Salondan gelen birkaç takırtı ve kapı kapanma sesiyle irkilerek gözlerini açtı Levi. Zaten uyku problemi çeken birisi olduğu için sinirle onu uyandıran şeyin ne olduğunu anlamaya çalışırken etrafına bakındı.
Bir takırtı ve homurdanma sesi daha geldiğinde yarı uyanık bir biçimde doğrulup gözlerini ovuşturarak duvardaki saate baktı. Bu saatte kim bu diye düşünürken nefesini verip üstündeki yorganı kenara atıp yatağından çıktı.
Zifiri karanlık odada zar zor kapıyı bulurken arkasında uyuyan Armin'in nefes alış veriş sesleri odayı dolduruyordu. Sonunda kapı kolunu açtığında salonun ışığı yüzüne vurdu. Yüzünü buruşturup gözlerini kısarak ışığa alışmaya çalışırken masanın önünde dengesini zar zor kuran Y/N'i farketti.

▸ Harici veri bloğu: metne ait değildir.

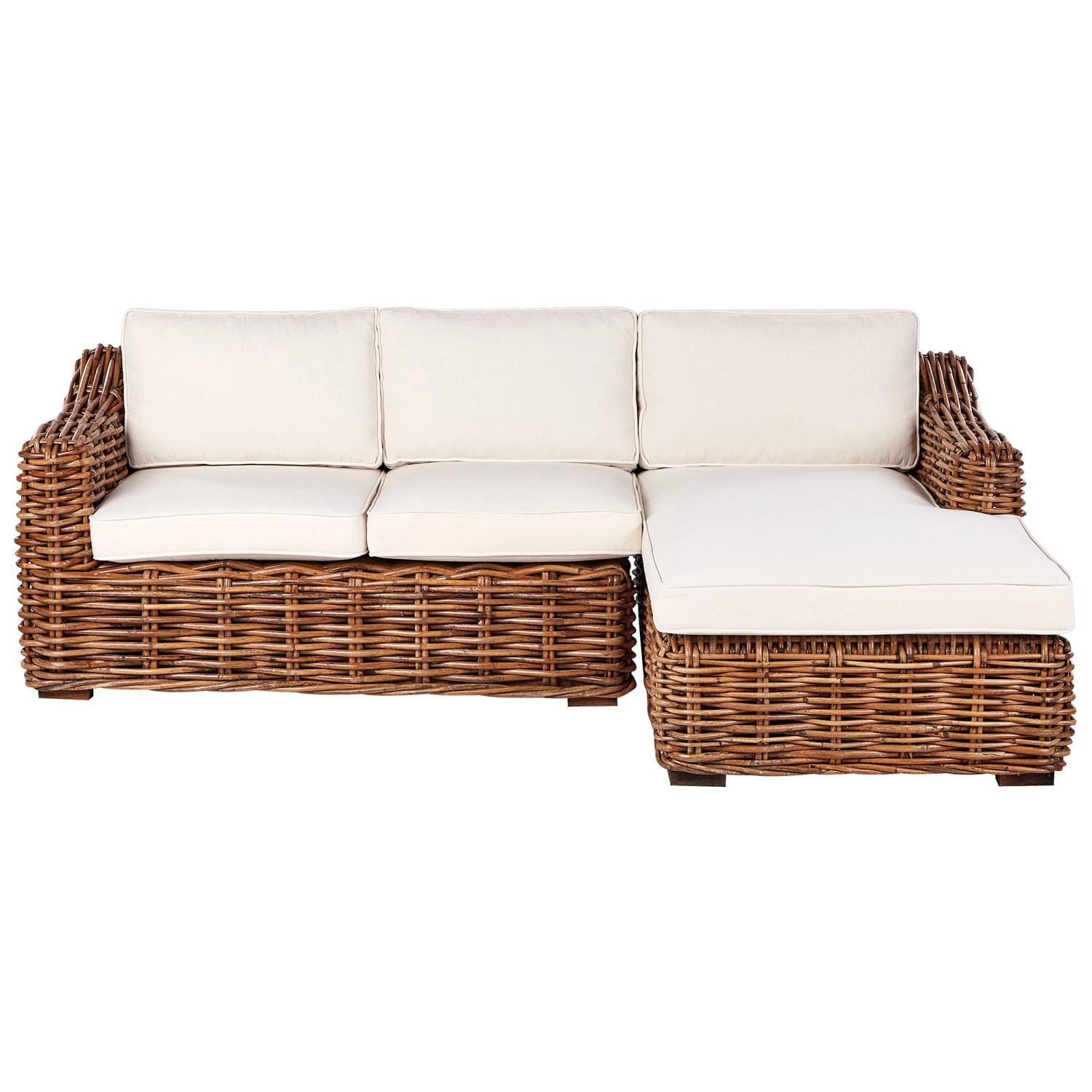 Beliani Gartensofa Beige Naturfarben Weiss 150x230x85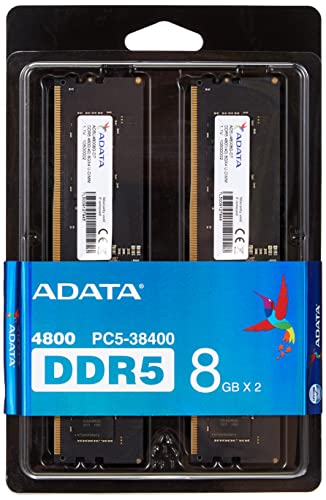 ADATA Premier 16GB 4800MHz U-DIMM DDR5 Desktop Memory, Single RAM Module, Supports Intel & AMD Latest CPU, Intel XMP & AMD Expo, Built in PMIC, On Die ECC, Low Voltage, More Bandwidth - AD5U480016G-S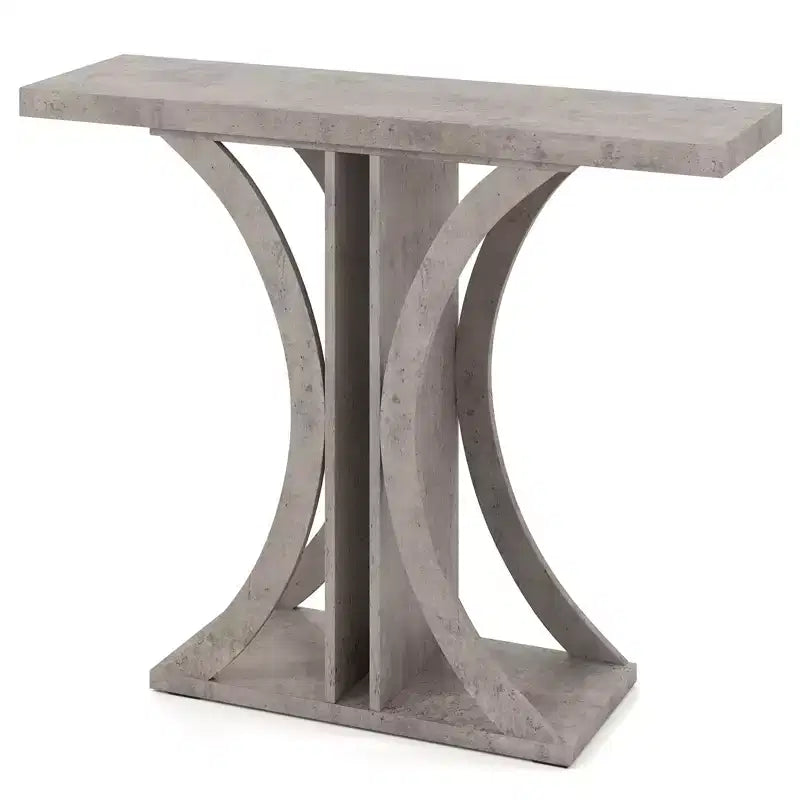 Costway Console Table 40'' Rectangular Entryway Table w/Geometric Frame for Living Room Gray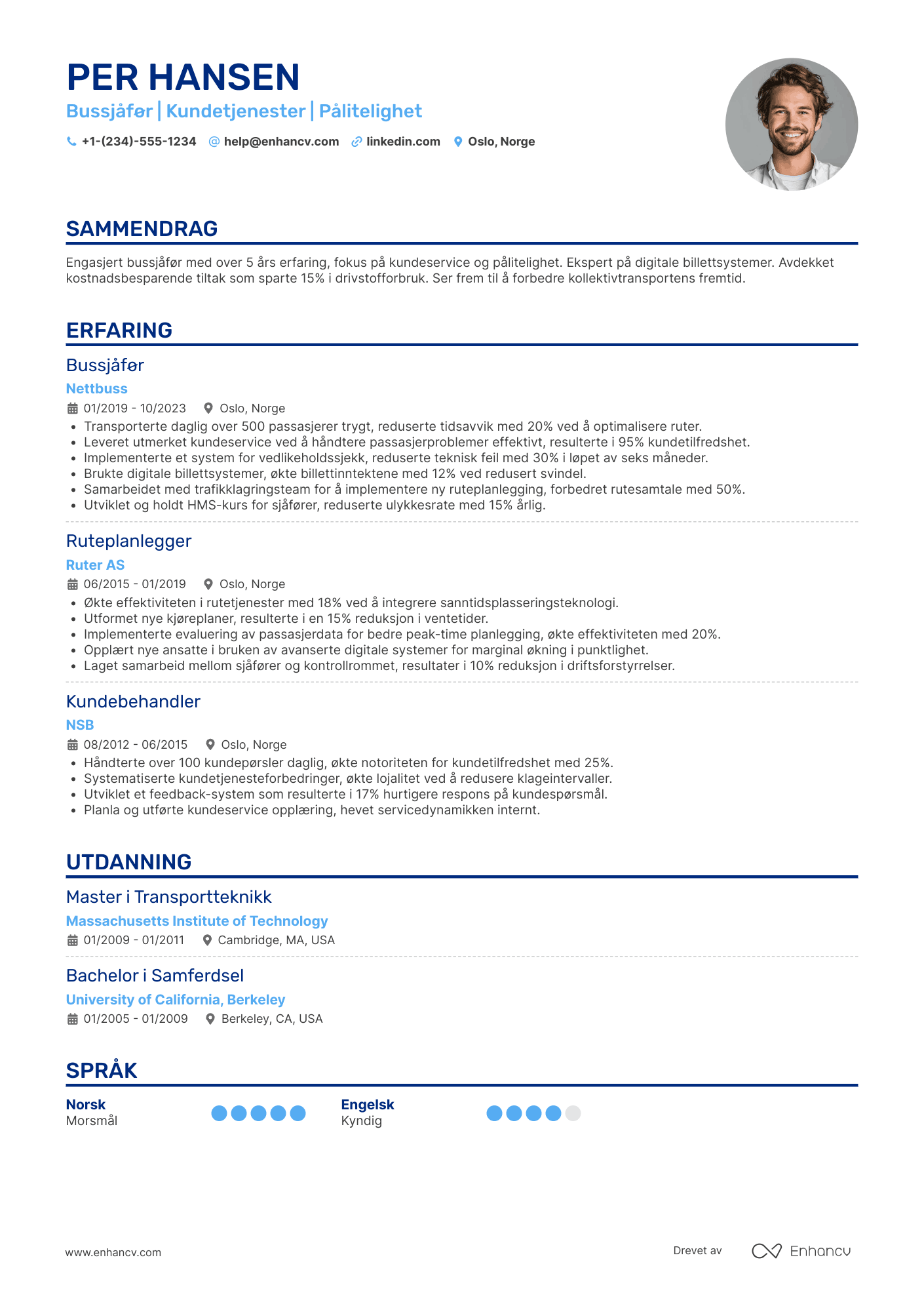 CV for Bussjåfør for offentlig transport Resume Example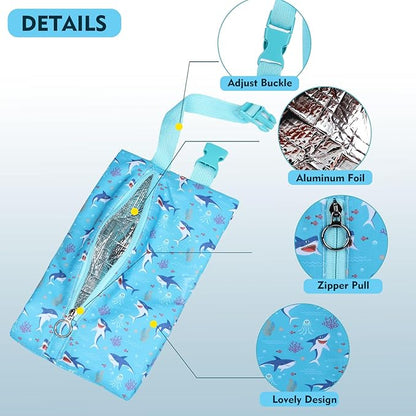 Insulated Snack Bag, Freezable Small Cooler Bag with Zipper and Adjustable Buckle, Rectangular Thermal Cooler Bag
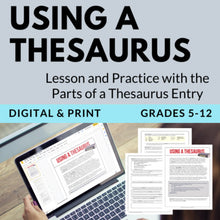 Load image into Gallery viewer, Using a Thesaurus Lesson Handout, Worksheet on Parts of a Thesaurus Entry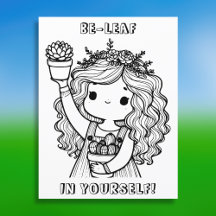 Be-leaf in Yourself |  Plant Pun Colouring 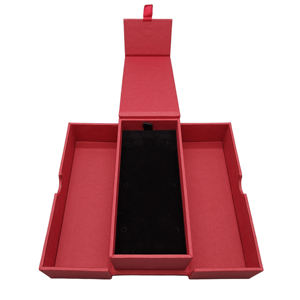 Joyero abierto de doble puerta rojo de lujo personalizado Embalaje de Specia para Cajas de Regalo elegantes - Product Image 1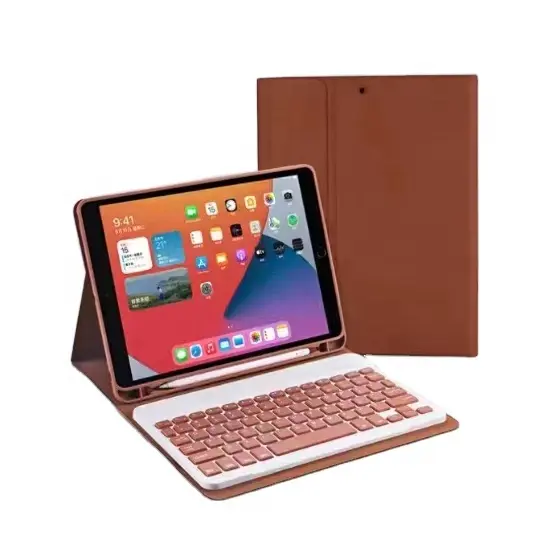 Convient à l'iPad 10.5/10.2/Air3 coque souple anti-chute pliable clavier étui de protection en cuir étui pour clavier iPad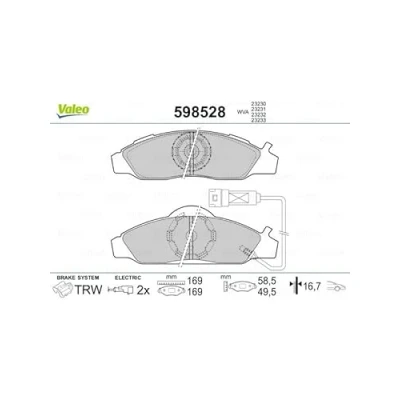 Immagine di VALEO 598528 Kit pastiglie freno Assale anteriore Con contatto segnalazione usura SSANGYONG: Korando II SUV, Musso Sports Pick up, I SUV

Kız masaya tutunmuş bir şeyler mırıldanıyordu. Elini diğer taraftaki kapı koluna atacağı sırada şaşkınlıkla onu izleyen Levi'ın sesiyle durdu.
"Y/N?"
Bir an sesin sahibinin kim olduğunu algılayamayarak öylece genç adamın suratına baktı. Gözlerini kısmış öylece dururken tanıdık suratın kime ait olduğunu anladığı anda bir küfür savurup masadaki elini çekti.

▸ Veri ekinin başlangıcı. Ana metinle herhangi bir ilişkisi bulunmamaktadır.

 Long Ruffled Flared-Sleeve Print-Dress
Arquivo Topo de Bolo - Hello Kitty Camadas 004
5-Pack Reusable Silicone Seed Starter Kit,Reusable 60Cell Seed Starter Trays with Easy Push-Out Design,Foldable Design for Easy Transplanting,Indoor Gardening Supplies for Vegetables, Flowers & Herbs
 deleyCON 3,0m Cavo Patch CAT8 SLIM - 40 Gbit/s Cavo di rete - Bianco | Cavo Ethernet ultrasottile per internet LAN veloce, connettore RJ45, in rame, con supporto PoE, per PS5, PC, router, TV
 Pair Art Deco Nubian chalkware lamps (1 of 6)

"Gitmedin değil mi? Seni lanet..." Sözünü bitiremeden dengesi tekrar bozulunca bir elini sandalyeye atıp ayakta durmaya çalıştı.
"İçtin mi sen?" Endişeyle kızın hareketlerini izledi. Kendine zarar vermeye çalışır gibi bir hali vardı.
"Sanane lan dalyarak?" Öfkeyle ona doğru ilerlemeye başladı. Dengesini zar zor kursa bile umurunda değildi. Levi ona ifadesizce bakarken elini kaldırıp işaret parmağını gözünün önünde tehditkarca salladı. "Seni.."
"Kendinde değilsin. Git uyu." Kız histerik bir kahkaha attığında Levi bir kez daha onu süzdü. Saçları dağılmış, üstündeki gömleğin yakası açılmış, boynundan aşağı siyah bir bandana sarkıyordu. Kendine itiraf edemeyecek olsa bile aslında onun şu an ne kadar etkileyici olduğunu düşünüyordu.
"Gideceksin buradan. İstemiyorum seni." Sonunda Levi'a tamamen yaklaşıp tam önünde durdu ve parmağıyla omuzunu ittirdi. "Anladın mı?"
"Hangi odada uyuyorsun? Seni oraya götüreyim." Elini yardım etmek için uzattığı anda kız korkuyla geri çekildi.
"Dokunma! Sakın dokunma!" Levi ani tepkisine daha da şaşırırken Y/N nefes nefese konuşmaya devam etti. "Sen yine aklımı bozacaksın."
"Ne? Ne saçmalıyorsun sen?"
"Aklımı bulandırıyorsun benim. Sen etraftayken doğru..." Odalardan birinin kapısının açılmasıyla sustu. Erwin kafasını çıkarıp onlara bakarken Y/N ona döndü.
"Bu saatte ne bu gürültü?" Sinirle baktığı sırada kızın hâlini görünce daha da öfkelenerek odadan çıkıp yanlarına ilerledi. "Yine mi oraya gittin sen?"
"Ne önemi var?" Levi'ın varlığını unutmuş gibi Erwin'e doğru ilerlemeye başladı. Yanından geçip odasına girecekti ki Erwin sertçe kolunu tuttu.
"Söz vermiştin." Kız kurtulmak için kolunu hafifçe çektiğinde daha da sıktı. "Verdiğin sözleri ne zaman tutacaksın?"
Y/N daha fazla dayanamayıp öfkeyle kolunu çekip ondan kurtuldu ve çocuğu omuzundan itti. Öfkeli bakışları tamamen ona odaklandığında Levi onları yalnız bırakmayı düşünüyordu.
"Eh! Yeter be!" Erwin öylece ona bakarken sinirle odasının kapısını açıp içeri girdi ve ardından kapıyı kapattı.
Salonda kalan ikilinin bakışları birbirlerini bulurken Erwin öfkeli yüzünü gizlemek adına gülümsedi ve odasına doğru ilerledi.